An anterior approach to the knee joint was performed. A lateral parapatellar arthrotomy was performed. The patellar fracture was examined, and there was noted to be a highly comminuted fracture of the lateral facet of the patella. Approximately 10-15% of the patellar articular surface was comminuted, and these bone fragments were not reconstructable. Therefore, a rongeur was used to remove these loose bone fragments. The fractured patella was smoothed out using a rongeur.

Next, attention was directed toward removing the two large bullet fragments in the knee joint. These were removed without difficulty. Attention was directed to the lateral femoral condyle. Approximately 30% of the articular surface of the lateral femoral condyle was comminuted and destroyed. There was a sagittal fracture line, as was also noted preoperatively on CT scans.

Three 3.5 mm cortical screws were used to stabilize the lateral femoral condyle fracture from lateral to medial. These screws were placed in standard AO fashion holding this fracture reduced. Again, approximately 30% of the articular surface of the lateral femoral condyle was involved and was not reconstructable.

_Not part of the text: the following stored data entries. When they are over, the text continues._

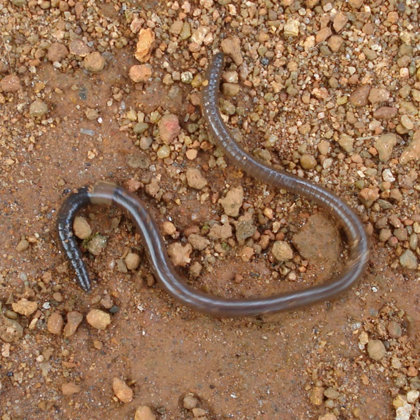From a total of around 7,000 species, only about 150 species are widely distributed around the world. These are the peregrine or cosmopolitan earthworms.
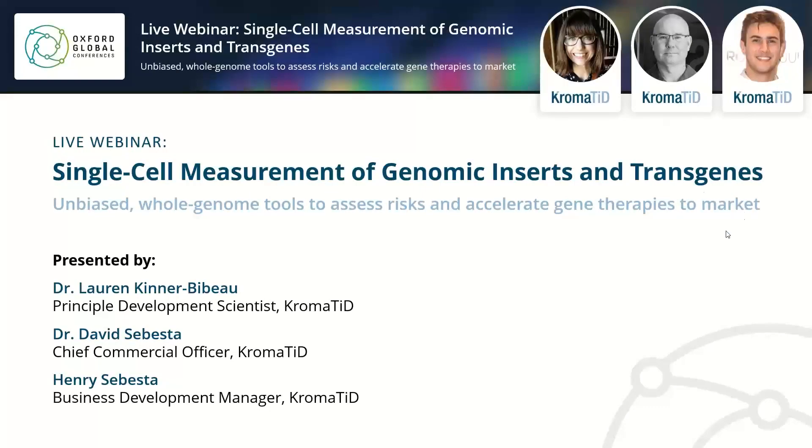Good afternoon, everyone. Welcome to today's webinar. My name is Ryan, and on behalf of Oxford Global and Chromatid, I'd like to thank you all for joining us today. Today's webinar is led by Chromatid, and joining the presentation is Dr. Lauren Kinner-Bevao, Principal Development Scientist, Dr. David Sebasta, Chief Commercial Officer, and Henry Sebasta, Business Development Manager.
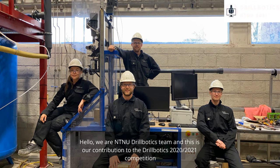Hello, we are the NTNU Drillbotics team, and this is our contribution to the 2020-2021 Drillbotics competition.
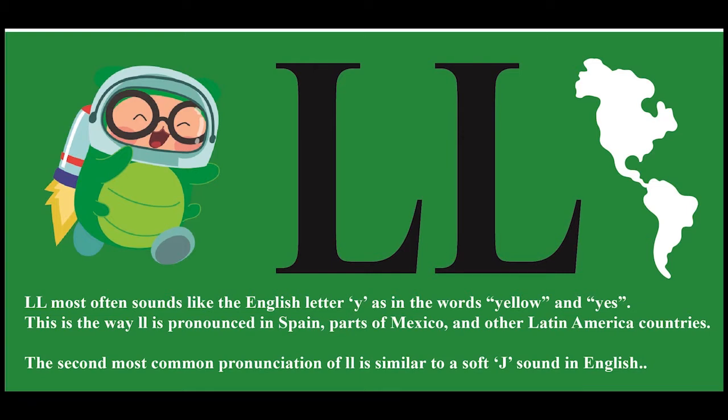Double L most often sounds like the English letter Y, as in the words 'yellow' and 'yes.' This is the way double L is pronounced in Spain, parts of Mexico, and other Latin American countries. The second most common pronunciation of double L is similar to the soft J sound in English.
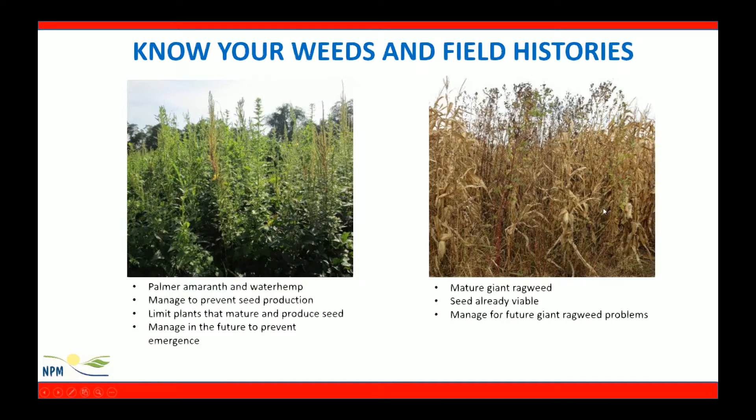The second photo shows matured giant ragweed out in the cornfield where the seed is already viable. At this point, we may be able to salvage a little bit of yield out in the field, but we want to limit seed from moving around. We want to manage this field to prevent future giant ragweed problems.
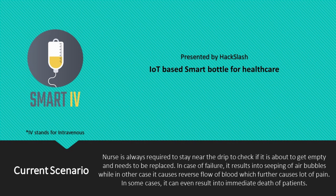Generally, what happens is nurses and doctors manually check the fluid levels in the bottles from time to time, which keeps them occupied. And it can even result in errors.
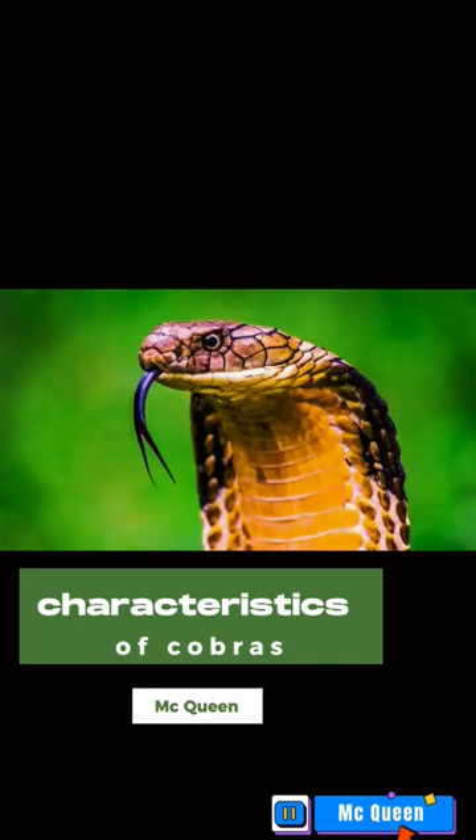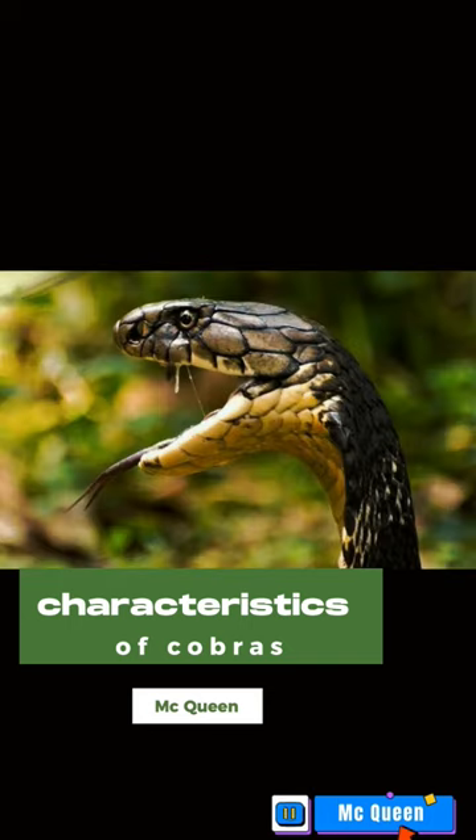Morphologically, cobras have an oval-shaped head that is slightly larger with the neck, usually wide around the neck. The Javanese cobra is usually brownish-black, and its body length can reach 2 meters.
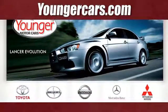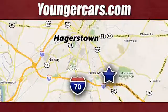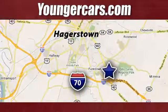Visit our website at YoungerCars.com. We're conveniently located at 1945 Dual Highway in Hagerstown, Maryland.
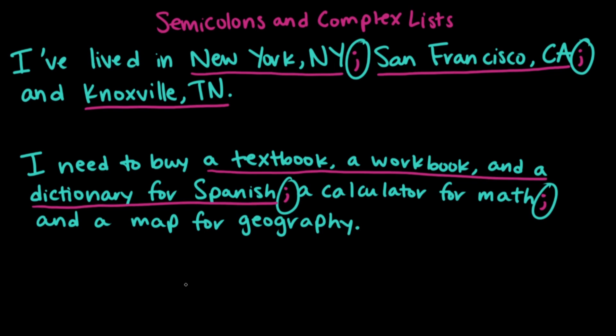To get the same information across without using semicolons, we'd have to say: I need to buy a textbook for Spanish, a workbook for Spanish, a dictionary for Spanish, a calculator for math, and a map for geography. That sentence is way longer than it needs to be. We can condense it down to a much shorter sentence by using semicolons in the place of the regular list commas.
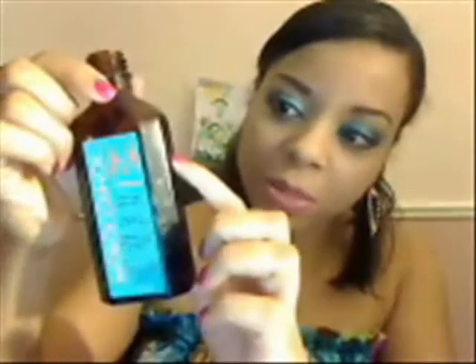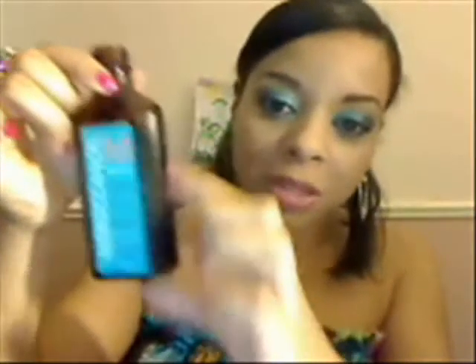I use this every day. Every night before going to bed, I put a load of oil on my hair. I've been using it for about a month and I'm about here — that's not much oil I've used thus far. I would say about 2 to 2.5 more months left, and that's for me using it every single day.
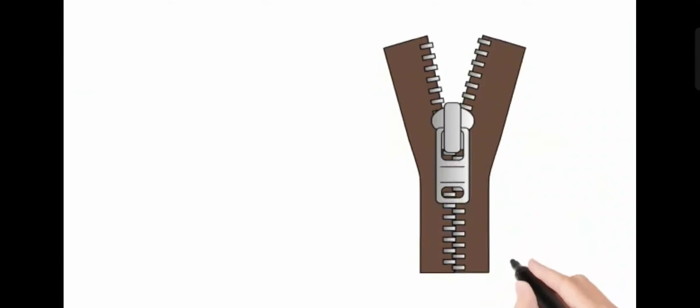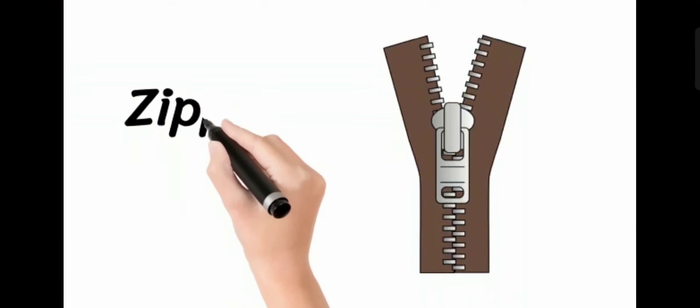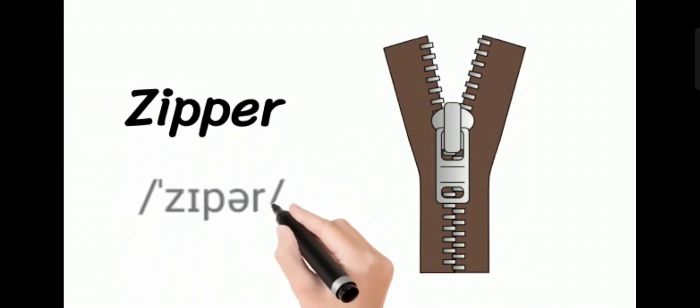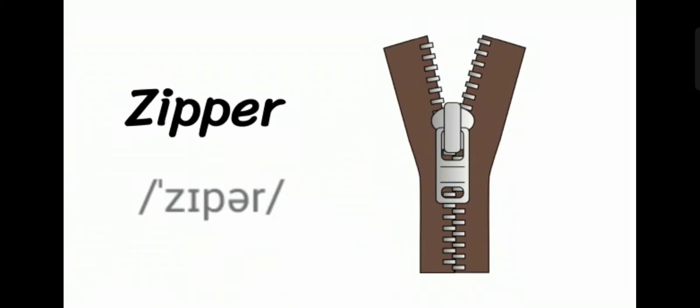Welcome to 'How to Pronounce It.' Today we have a new word. Today's word is: zipper. Zipper. Zipper.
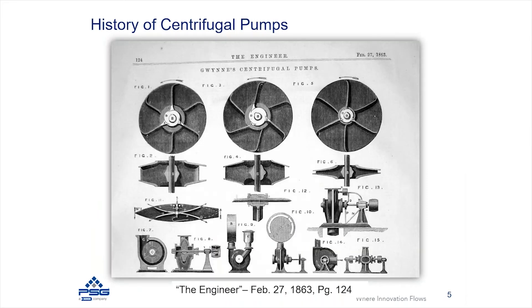Here is a diagram that was created back in 1863, showing some of the early centrifugal pump designs. You can see there are casing designs and impeller designs, and they look very similar to what we deal with today.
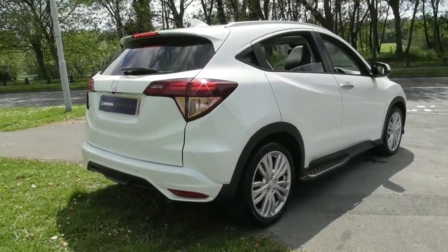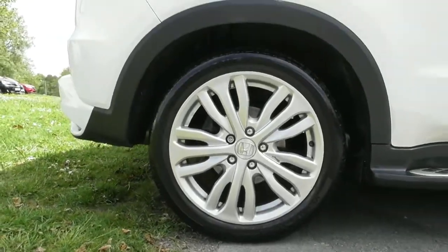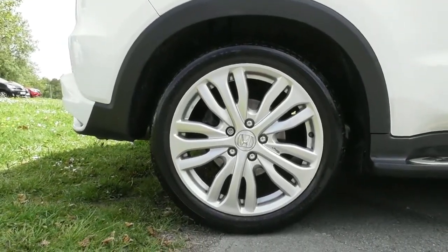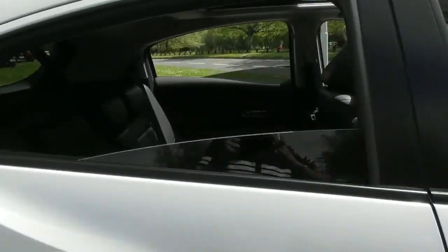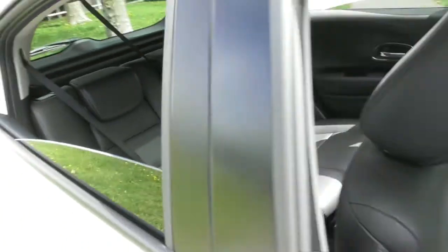The benefits of buying an approved used car from Bassett include complimentary 5 day drive away insurance, a range of financial solutions, 30 day exchange policy, assured vehicle history and half price MOT tests.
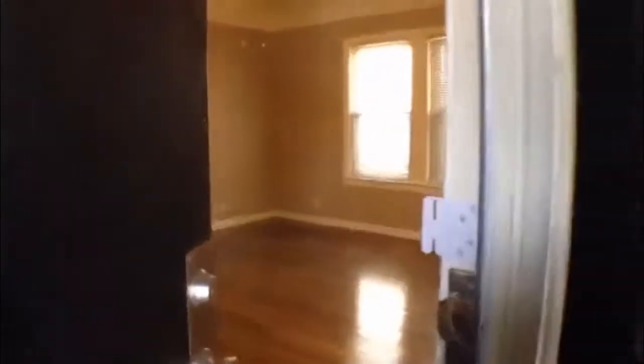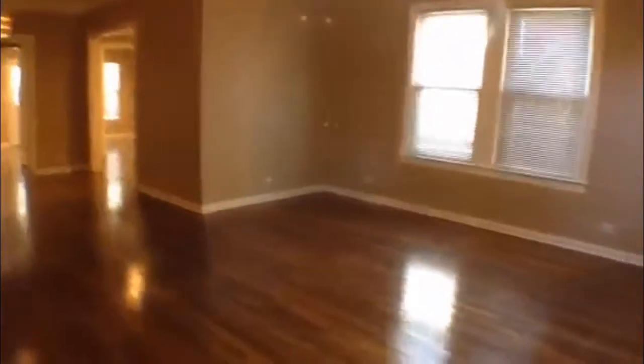Covered entryway as we come in. Got original hardwood floors throughout the home. Nice open floor plan.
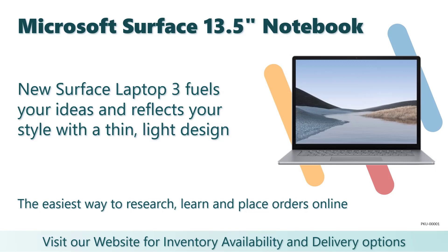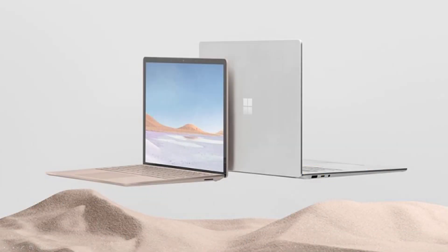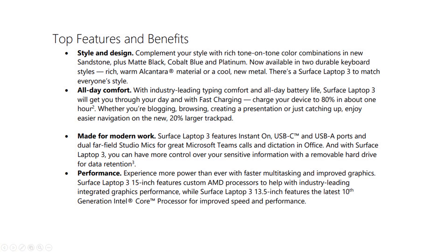Introducing the Microsoft Surface 13.5 inch notebook — the all-new Surface Laptop 3. It fuels your ideas and reflects your style with a thin and light design, along with your choice of colors, two keyboard finishes, and two sizes.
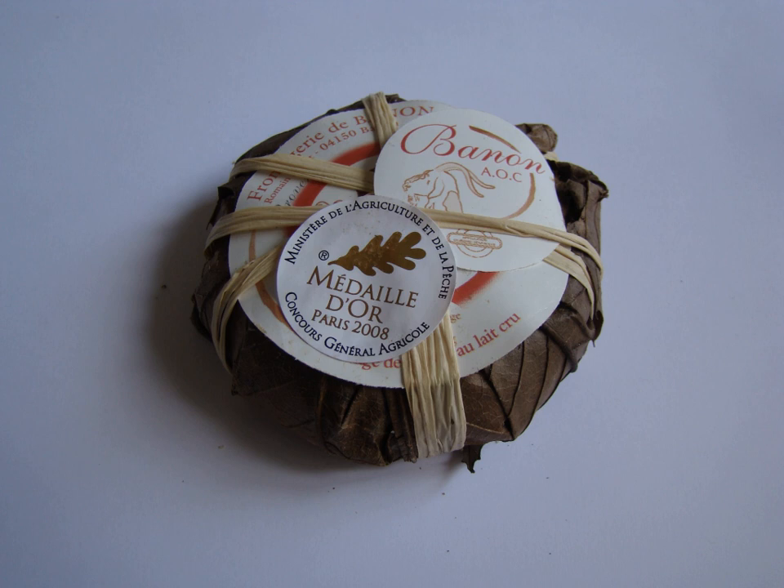Bannon is a French cheese made in the region around the town of Bannon in Provence, southeast France. Also known as Bannon à la Foy, it is an unpasteurized cheese made from goat's milk and is circular in shape, around 7 cm in diameter and 2.5 cm in height, and weighing around 100 g.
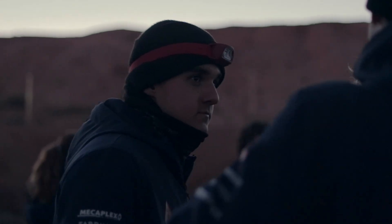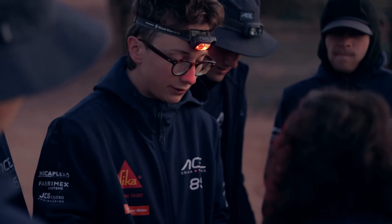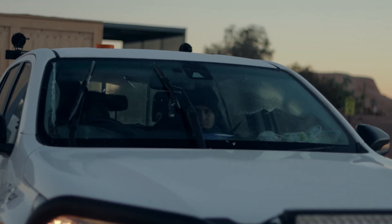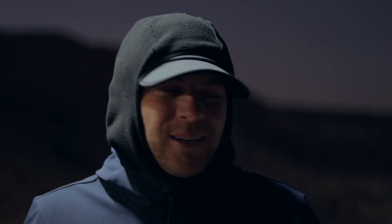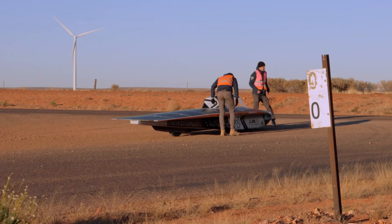It's early and it's cold. We are starting our race simulation where we try to as realistically as possible simulate the actual Bridgestone World Solar Challenge, where we will camp in the Outback, get up early, go to sleep late, and race to Red Dog.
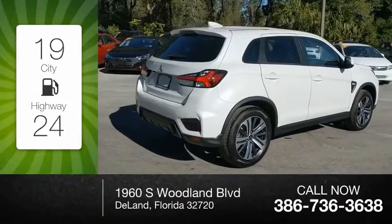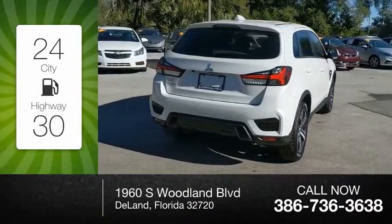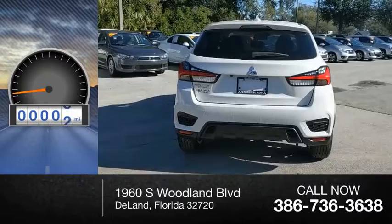Great fuel efficiency saves you money by requiring fewer trips to the gas station. This vehicle has less than 100 miles.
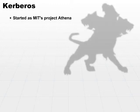Let's take a look in more depth at the Kerberos product. It started off as MIT's Project Athena. The Kerberos product is based on the three-headed guard dog that guards the entry to Hades from Greek mythology.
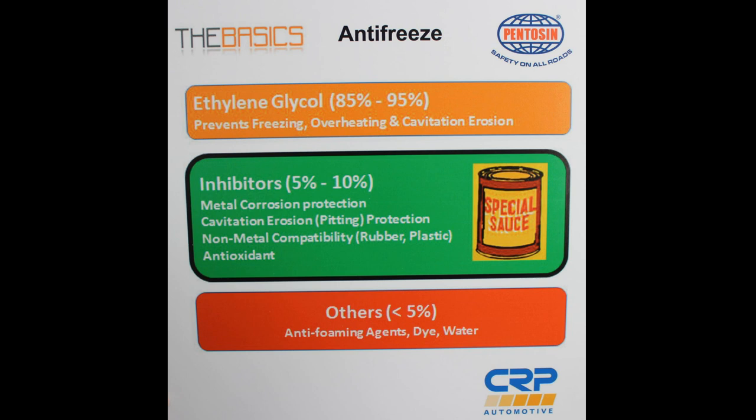Okay, so this is the basic makeup of concentrated coolant or antifreeze. First of all, you have 85 to 95% ethylene glycol — this is to prevent freezing and overheating. The second part is the inhibitor, which is the special sauce and is from 5 to 10% of the antifreeze. And then lastly you have water and the anti-foam.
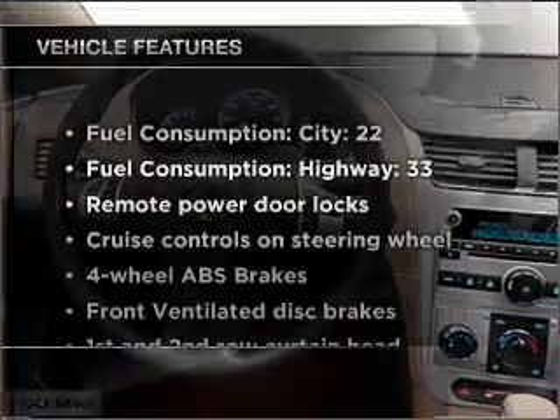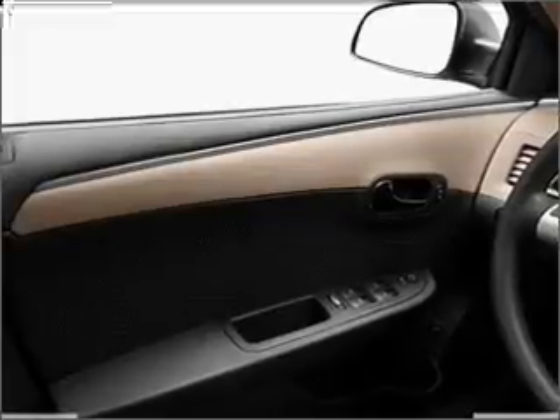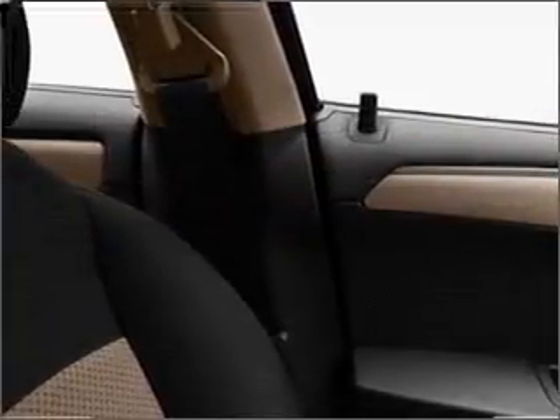Plus, enjoy these notable features that are included in this vehicle: air conditioning, power door locks, power windows, power steering, cruise control, power mirrors, an alarm system, and an AM-FM stereo with a CD player.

The wound was thoroughly irrigated with 9 liters of normal saline, the middle 3 liters of which contained 100,000 units of bacitracin. C-arm fluoroscopy was used to examine the knee joint. Two more small pieces of bullet fragments were found, and these were removed under C-arm visualization.

The parapatellar arthrotomy was closed using #1 Ethibond suture in figure-of-eight fashion. The subcutaneous layer was closed with 2-0 Vicryl suture followed by staples for the skin. The bullet entrance wound was also thoroughly debrided and irrigated out. This wound was closed with a simple 2-0 nylon suture.

Of note, the tourniquet was deflated prior to closure, and hemostasis was obtained. Sterile dressings were applied. The patient was placed into a knee immobilizer. He was awakened from anesthesia and transferred to a stretcher and taken to the PACU for recovery.